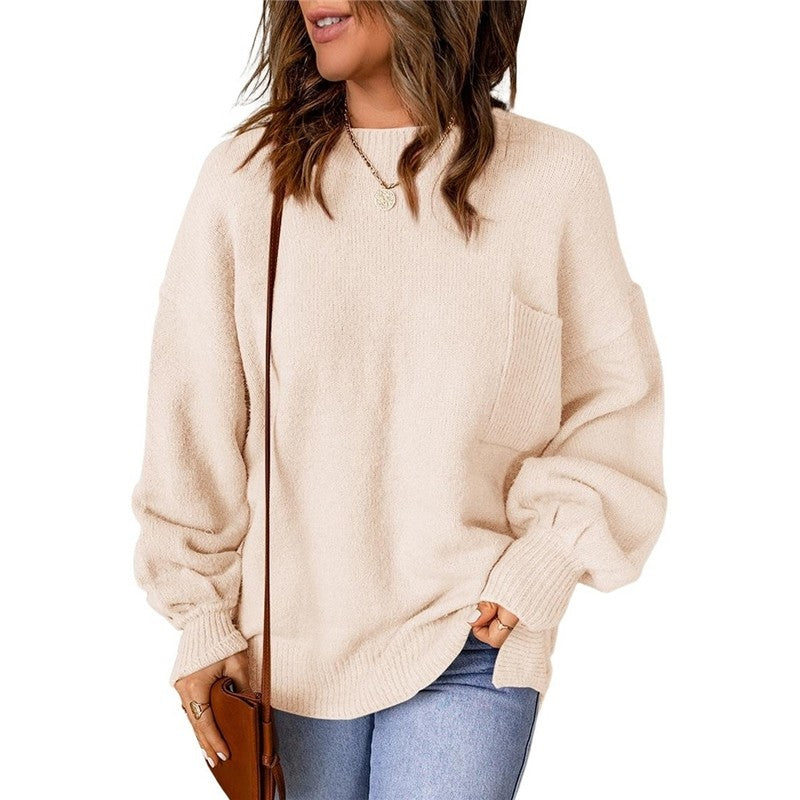 Loose Round Neck Lantern Sleeve Solid Color Sweater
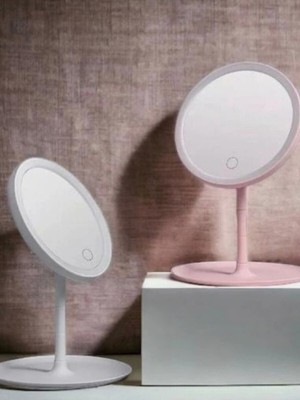 Özgürce Renkli Işıklı, USB Şarjlı, Dokunmatik, Yuvarlak Masa Aynası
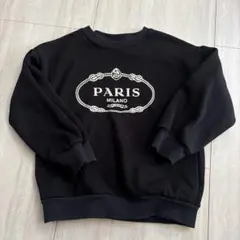 韓国子供服 PARIS MILANO 裏起毛トレーナー サイズ110 黒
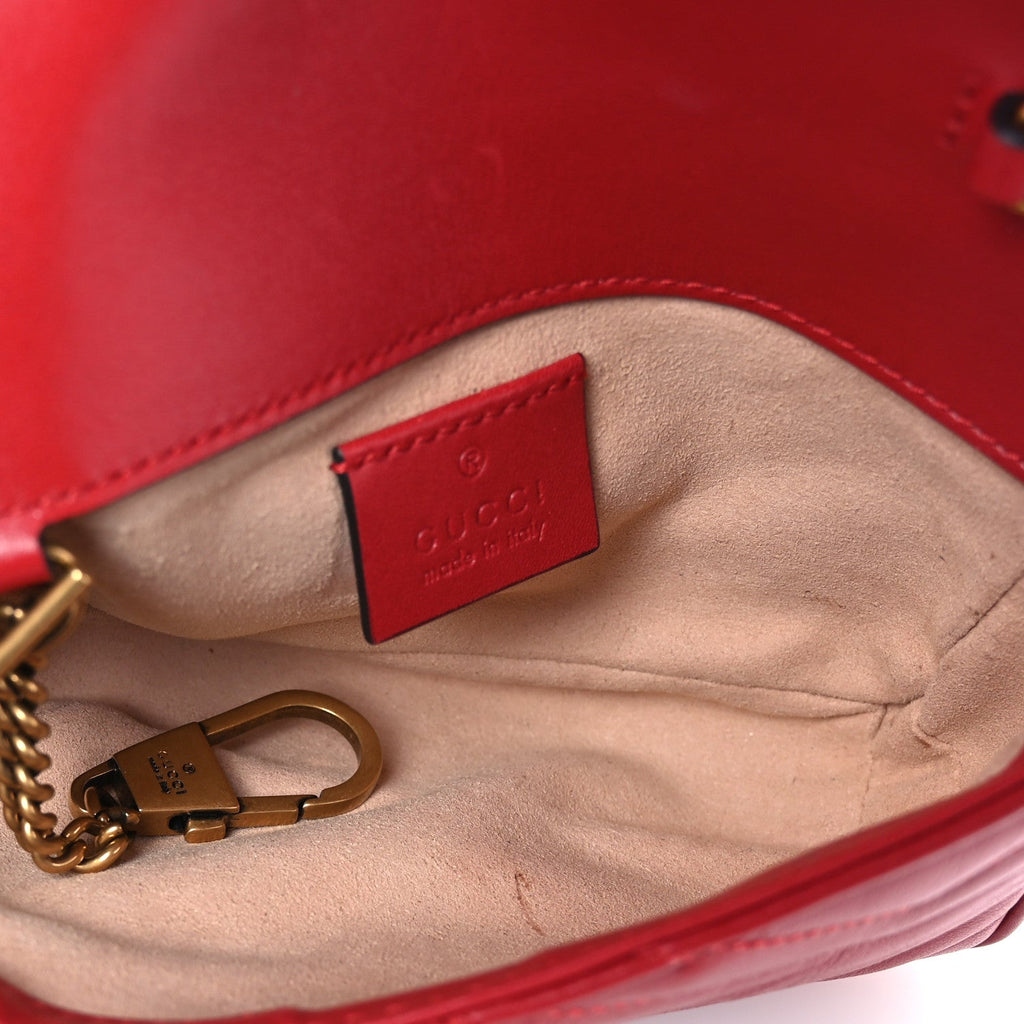 Calfskin Matelasse Super Mini GG Marmont Shoulder Bag Hibiscus Red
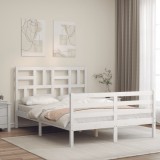 Cumpara ieftin Cadru de pat cu tăblie, 140x190 cm, alb, lemn masiv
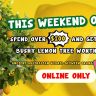 Promotional image with Meyer Lemon tree and lemons; text reads “This Weekend Only! Spend over £100 and get a Free Meyer Lemon Tree—£50 Value. Sale ended. Online only.”.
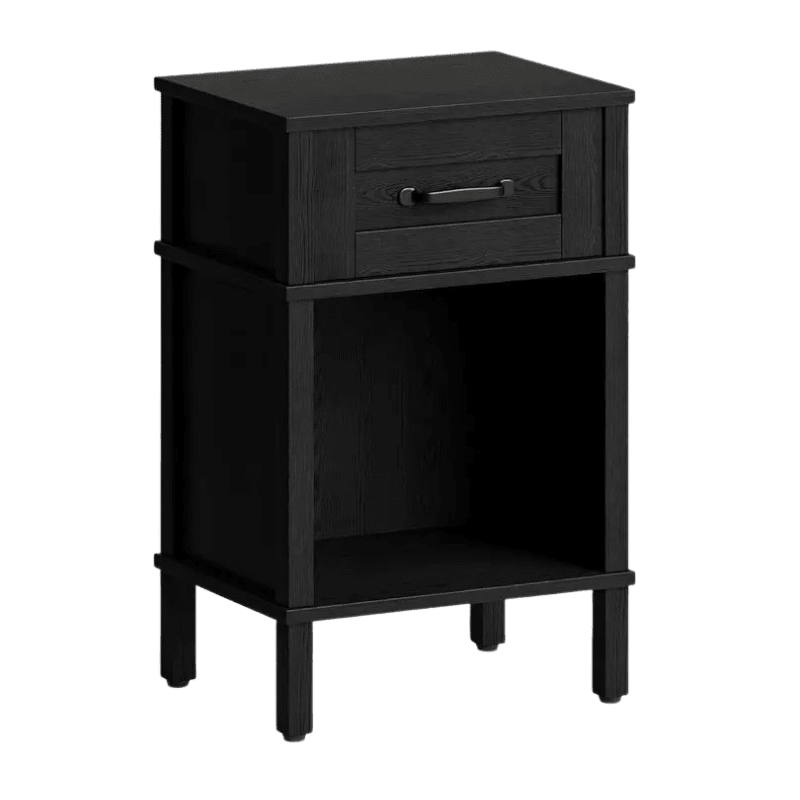 Bedside Table With Drawer - Compact Black Wood Nightstand Storage Shelf - Wooden End Table - Hurbane Home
----
▶ [What is required]: The whole listing above must be duplicated word for word, apart from its pictures.

▶ [Solved problem]:
 Loose Round Neck Lantern Sleeve Solid Color Sweater
 Özgürce Renkli Işıklı, USB Şarjlı, Dokunmatik, Yuvarlak Masa Aynası
 韓国子供服 PARIS MILANO 裏起毛トレーナー サイズ110 黒
 Calfskin Matelasse Super Mini GG Marmont Shoulder Bag Hibiscus Red
 Cumpara ieftin Cadru de pat cu tăblie, 140x190 cm, alb, lemn masiv
 Promotional image with Meyer Lemon tree and lemons; text reads “This Weekend Only! Spend over £100 and get a Free Meyer Lemon Tree—£50 Value. Sale ended. Online only.”.
 Bedside Table With Drawer - Compact Black Wood Nightstand Storage Shelf - Wooden End Table - Hurbane Home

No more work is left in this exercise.